§ **THE TASK**
All lines from the one containing "Гайтукиев Мовлатгири выиграл" through the last line of the listing should be given again exactly, with no pictures.

§ **SUPPLIED DATA**
────
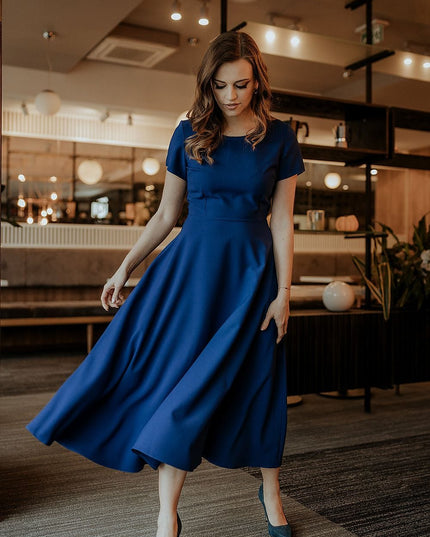 Robe longue bleue manches courtes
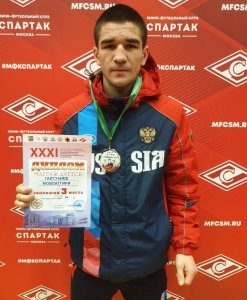 Гайтукиев Мовлатгири выиграл "бронзу" на Всероссийских соревнованиях по боксу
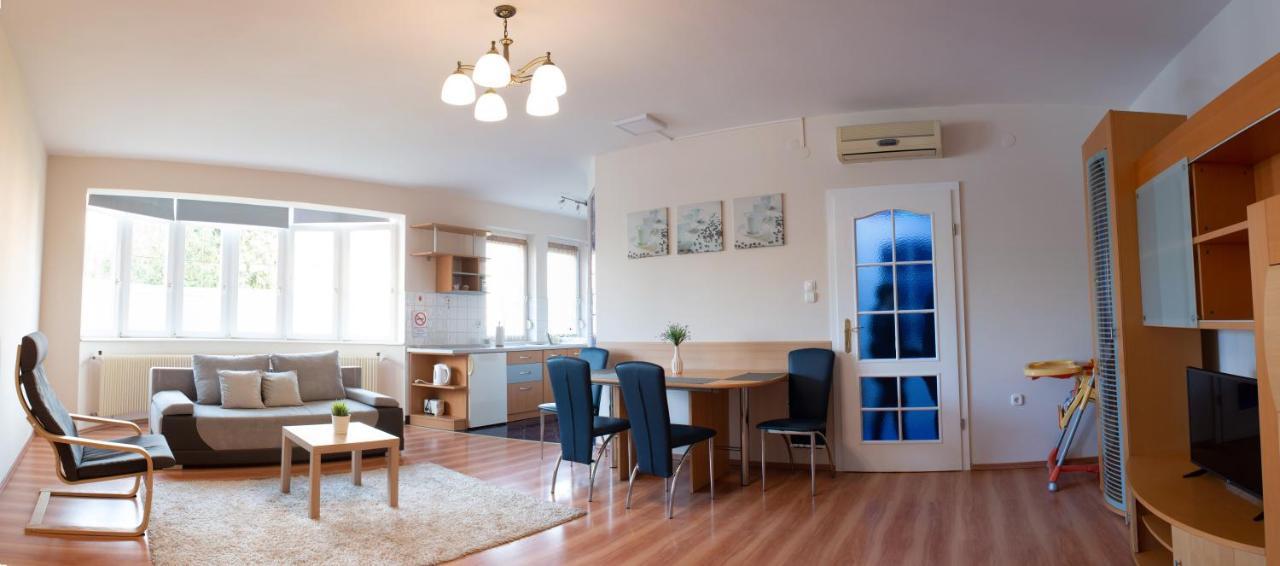 Titan Apartman Gyula Exteriör bild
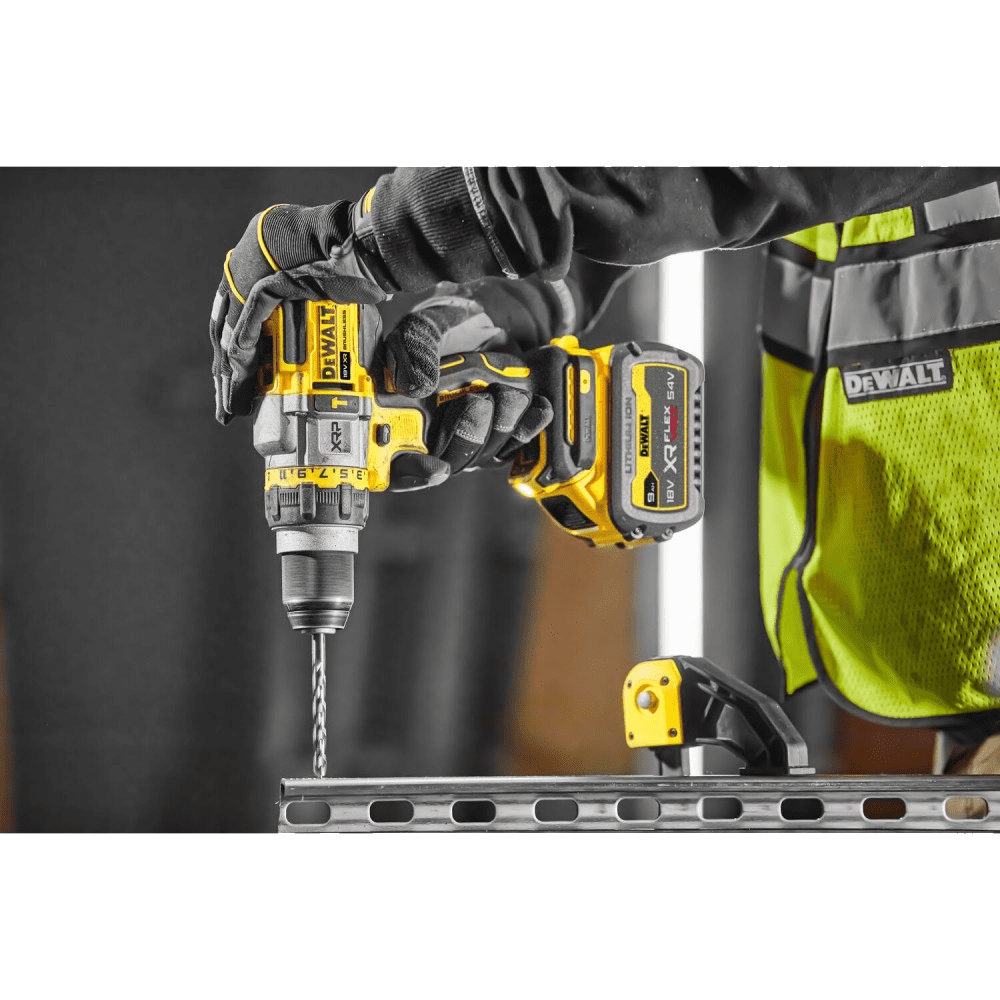 Masina de gaurit cu acumulator 9Ah DeWalt DCD999X1DT Masina de gaurit cu acumulator 9Ah DeWalt DCD999X1DT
────
§ **WRITTEN REPLY**
 Гайтукиев Мовлатгири выиграл "бронзу" на Всероссийских соревнованиях по боксу
 Titan Apartman Gyula Exteriör bild
 Masina de gaurit cu acumulator 9Ah DeWalt DCD999X1DT Masina de gaurit cu acumulator 9Ah DeWalt DCD999X1DT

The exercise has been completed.